**DATA SEGMENT**.
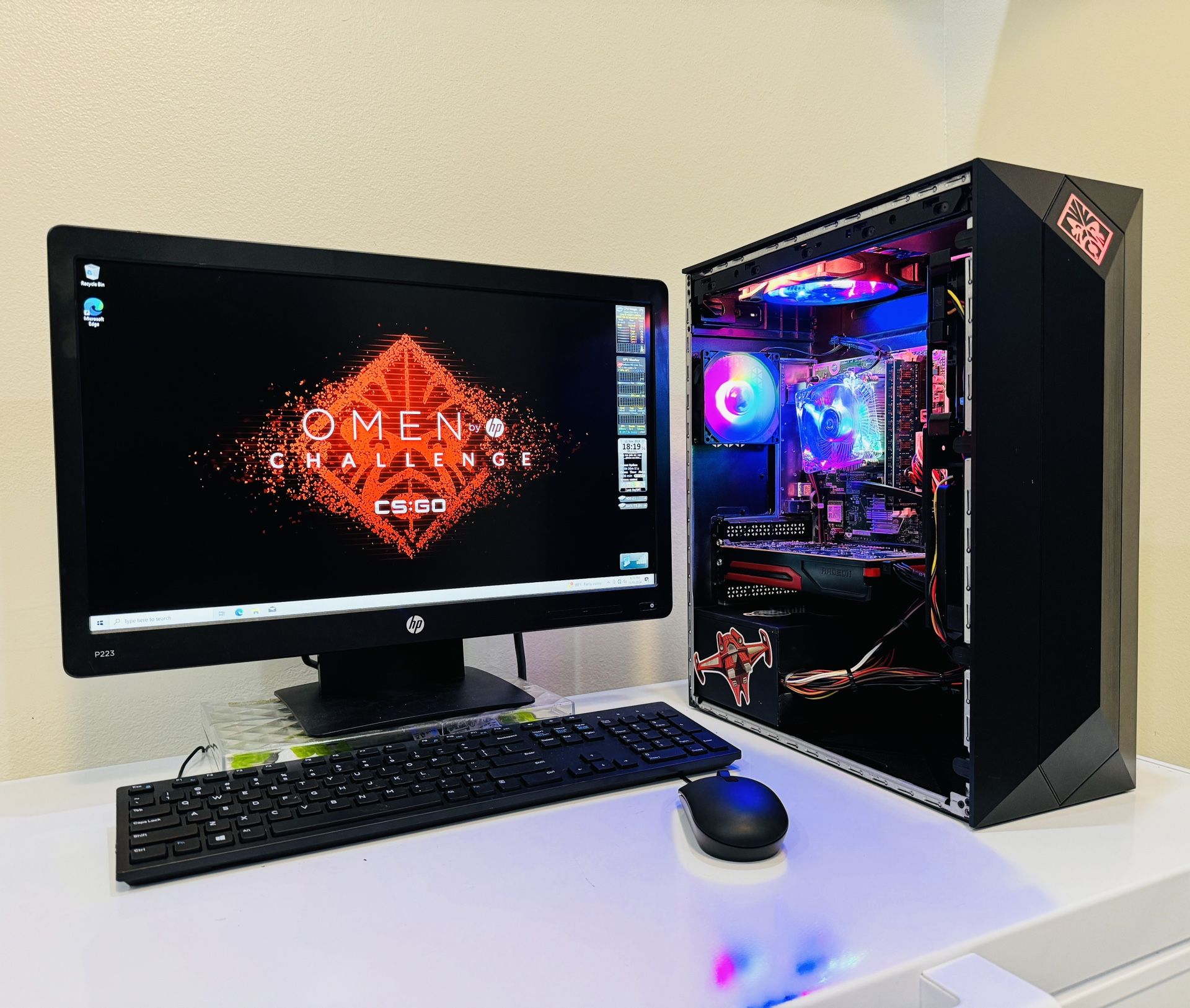 HP OMEN Gaming PC 4 Core I5 @ 2,0 GHz. GPU AMD HD 7770 128GB SSD/ 1TB HDD, 8GB RAM. WIFI. Bluetooth. USB.3.0. 500W PSU. 22” Monit/Keyb,Mouse. Win10
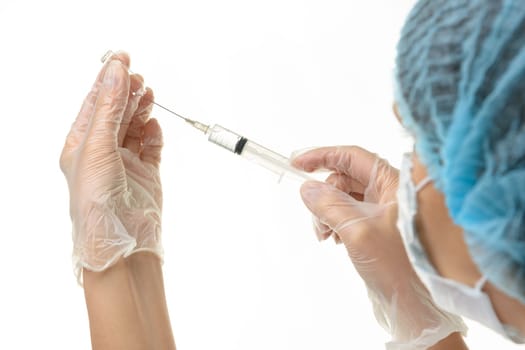A medical professional draws a medicine from an ampoule with a syringe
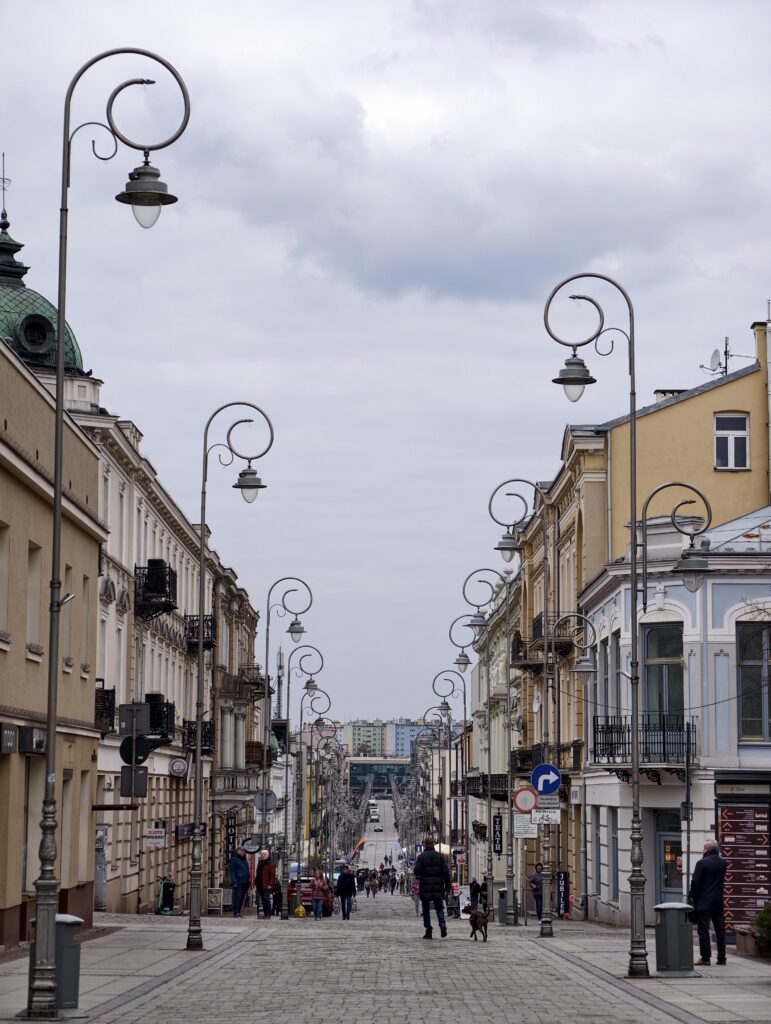 Spacerujący ludzie na reprezentacyjnym deptaku wzdłuż ulicy Sienkiewicza w Kielcach, w otoczeniu odrestaurowanych, zabytkowych kamienic.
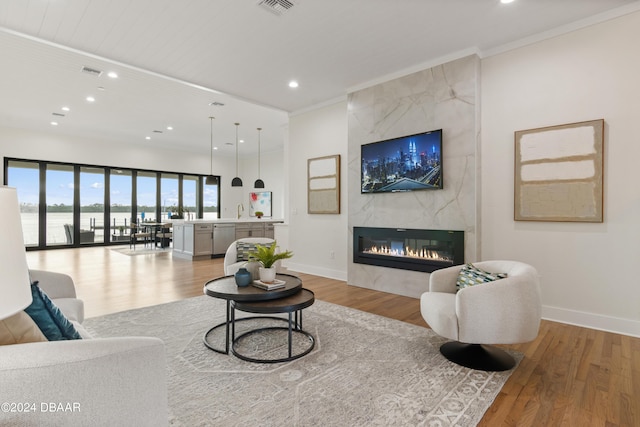 living room featuring sink, wooden ceiling, light wood-type flooring, a fireplace, and ornamental molding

**WORK INSTRUCTIONS**.
Please repeat the listing precisely, excluding the pictures it contains.

**RESULT OF THE EXERCISE**.
 HP OMEN Gaming PC 4 Core I5 @ 2,0 GHz. GPU AMD HD 7770 128GB SSD/ 1TB HDD, 8GB RAM. WIFI. Bluetooth. USB.3.0. 500W PSU. 22” Monit/Keyb,Mouse. Win10
A medical professional draws a medicine from an ampoule with a syringe
 Spacerujący ludzie na reprezentacyjnym deptaku wzdłuż ulicy Sienkiewicza w Kielcach, w otoczeniu odrestaurowanych, zabytkowych kamienic.
 living room featuring sink, wooden ceiling, light wood-type flooring, a fireplace, and ornamental molding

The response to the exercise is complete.